Selling foreign films to Americans is tough enough without throwing infant death, genital mutilation, talking animals and a director who won’t fly on airplanes into the marketing mix. At the same time, Danish helmer Lars von Trier’s “Antichrist” — riding a wave of notoriety that began in Cannes and will soon crash its way into the fall film festivals — already has the kind of polarizing rep that’s ripe for savvy exploitation.

“One of the things that’s great about it,” says IFC’s marketing VP Ryan Werner, “is that the general public heard a lot about the Cannes controversy, more than they hear about most of these movies.”

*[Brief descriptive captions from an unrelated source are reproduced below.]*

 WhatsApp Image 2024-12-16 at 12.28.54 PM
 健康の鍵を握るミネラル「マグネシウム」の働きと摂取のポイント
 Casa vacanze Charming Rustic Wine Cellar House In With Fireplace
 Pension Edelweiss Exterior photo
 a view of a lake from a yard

It provides a good starting point, says Werner. From there, he’s “then just trying to deal with people’s expectations.” And if there’s a negative public perception now about the film, he says, “by the time we finish Toronto and New York film festivals, there’s at least going to be a healthy debate. And we’re willing to take on the naysayers.”

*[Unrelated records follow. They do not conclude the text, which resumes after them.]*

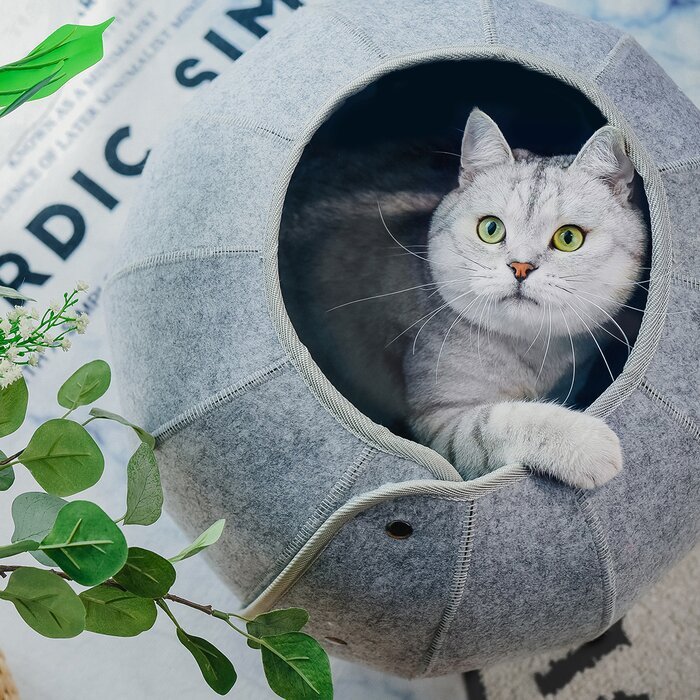 Cat Tunnel Toy Pets Fashion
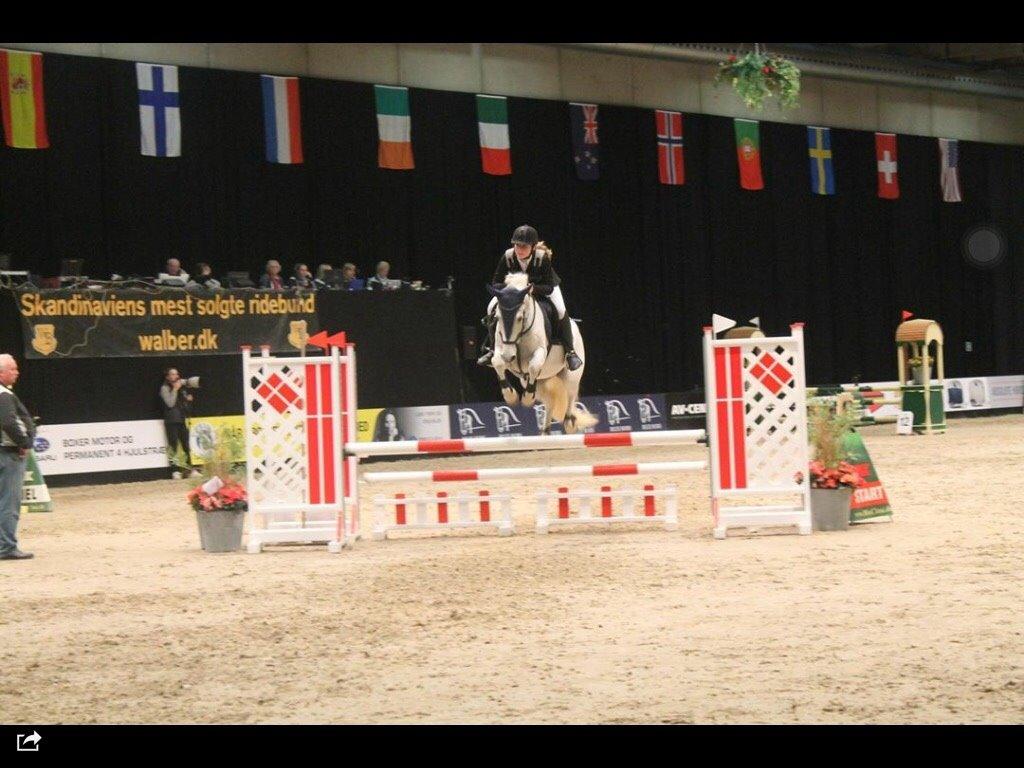 Anden særlig race William/Willy billede 3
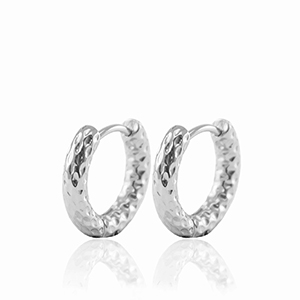 Roestvrij stalen (RVS) Stainless steel oorbellen creolen 19mm Silver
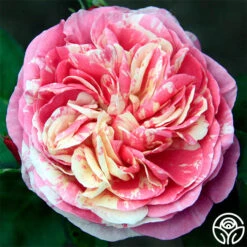 Wonderstripe™ 8 Wonderstripe™ -Heirloom Roses wonderstripe 4 8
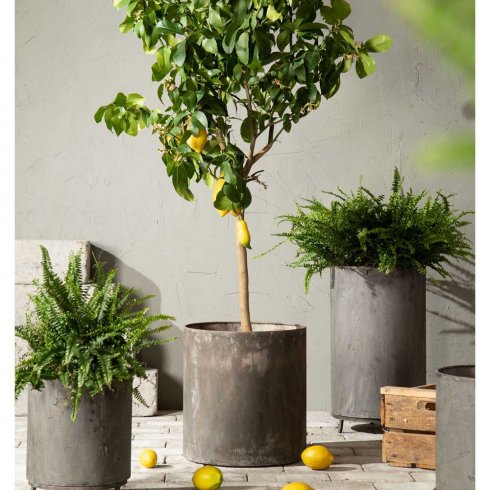 Blomsterpotter i industriell stil, sett med 3 stk.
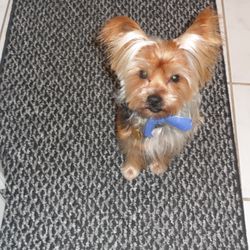A Dog's Best Friend - Matt Jr.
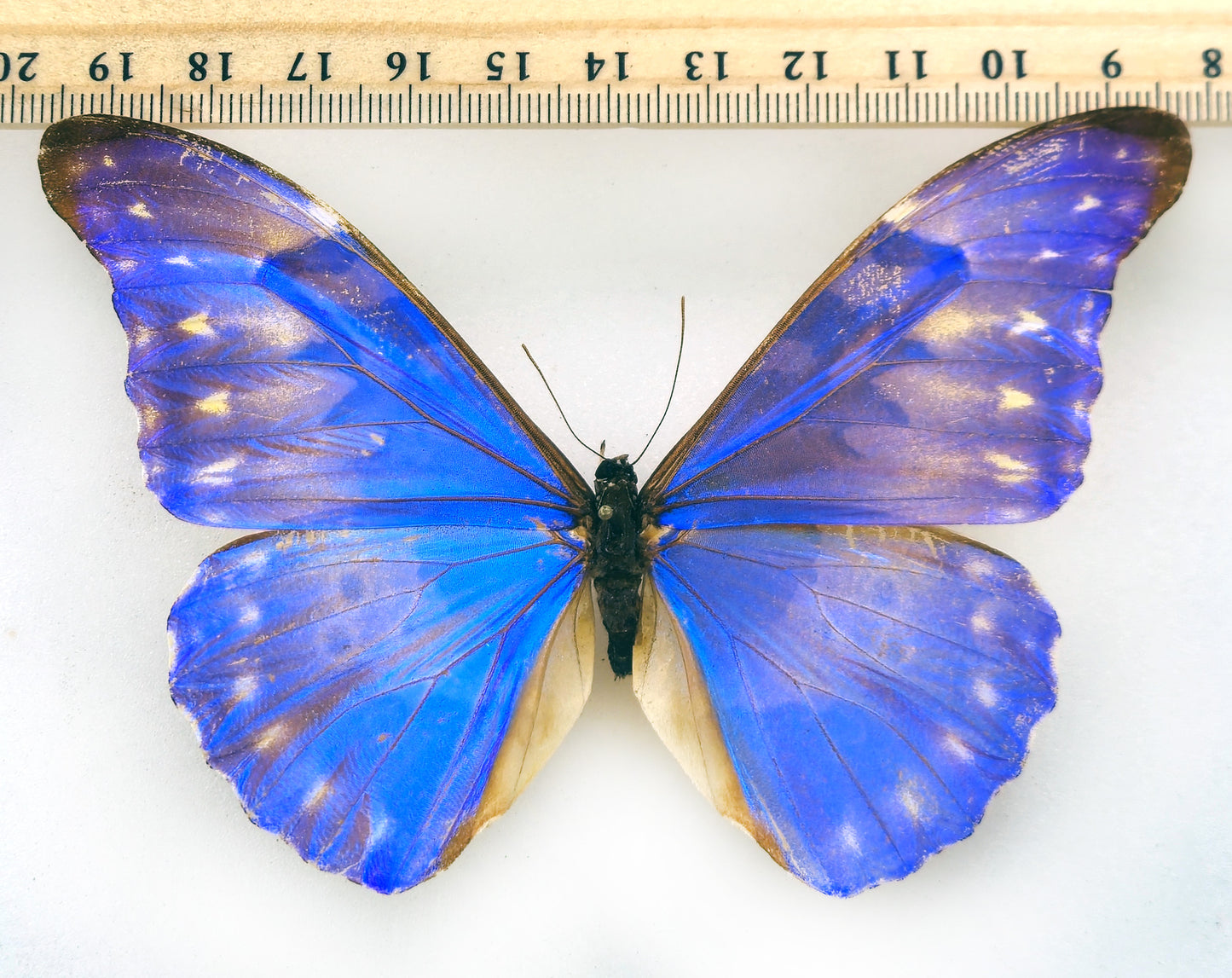 Morpho rhetenor augustinae (diana) ♂ (Venezuela)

Von Trier’s allegorical fable about sin, grief and myth stars Willem Dafoe and Charlotte Gainsborough as He and She, whose infant son falls from a window while they’re having sex. Grief, orgasm, “gynocide” and She’s increasingly feral transformation create a warren of interpretive possibilities. Arguments will likely be made that von Trier is a misogynist and a feminist. The brutality with which She treats her husband and herself may have some auds bolting for the doors.

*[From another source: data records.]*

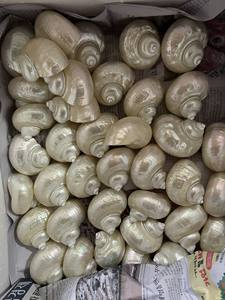 Coque turbo verte naturelle de qualité supérieure du Vietnam pour les remplisseurs de vases d'aquarium et la décoration côtière faite à la main - Product Image 3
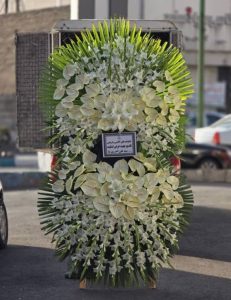 WhatsApp Image 2025 03 05 at 15.32.38 3 2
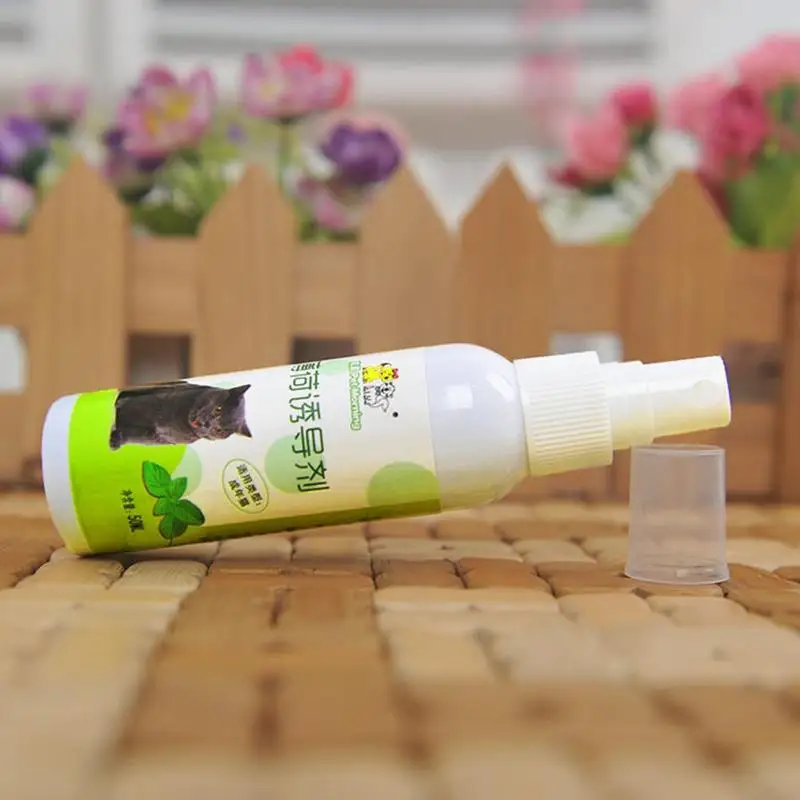 Спрей для кошачьей мяты игрушка возбуждения кота органический натуральный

But IFC isn’t running away from the film. The distrib will play the film exactly as it was shown in Cannes and is actively foraging for critical support.

“Our strategy for almost every movie we’ve done this year — ‘Gomorrah,’ ‘In the Loop,’ ‘Summer Hours’ — is picking films the press will write about and champion,” Werner notes. “That’s the biggest way we get the word out. We have limited P&A budgets.” IFC will spend “roughly mid-six figures” on “Antichrist’s” P&A, according to Werner.

IFC will also typically travel the cast and the filmmaker (though not von Trier) around to promote pics at fests and before release. “The bulk of how we spend money is on publicity and getting attention for the films that way.”

Around the time of “Antichrist’s” release, von Trier will appear for Q&As via closed-circuit TV after certain screenings. “I went as far as to say, ‘We’ll send him over on the Queen Mary,’ but it was never really discussed,” Werner smiles.

IFC will make a TV ad buy with sister cablers IFC and Sundance Channel, and it enjoys as wider television presence thanks to a big push for VOD from the cable operators. “Cable provides a ton of free TV spots,” Werner says of the 30-second slots. “These get run in major markets on basic cable networks like CNN, Discovery, Bravo, E!, etc. They’ll run TV spots supporting the film being in theaters. That’s one of the real marketing advantages to doing this day-and-date program.”

In addition to a modest online ad buy, IFC is pushing for online features and interviews. Werner also says he and crew are targeting horror and genre sites that they regularly work with for the IFC Midnight titles, along with multiple trailers. Besides buying ads in major mainstream newspapers such as the New York Times and Village Voice, IFC is also buying print ads in Film Comment and Cineaste, targeting the highbrow aud and taking “Antichrist” to Fantastic Fest in Austin to bite off a piece of the fanboy base.

Overall, the campaign will exploit the film’s controversy with more reasoned assessments. “The main (one-sheet) quote is a U.K. quote: ‘The most shocking film in the history of the Cannes Film Festival’ balanced out with quotes from critics — (Roger) Ebert, Manohla (Dargis) and Wesley Morris — championing the film.”

The quotes will also appear on the poster, a shot of the film’s principals having sex under a tree, surrounded by hands coming out of the ground. “It’s the international poster,” Werner says. “Usually we’d do our own, but it’s such an iconic mage, you couldn’t really top it.”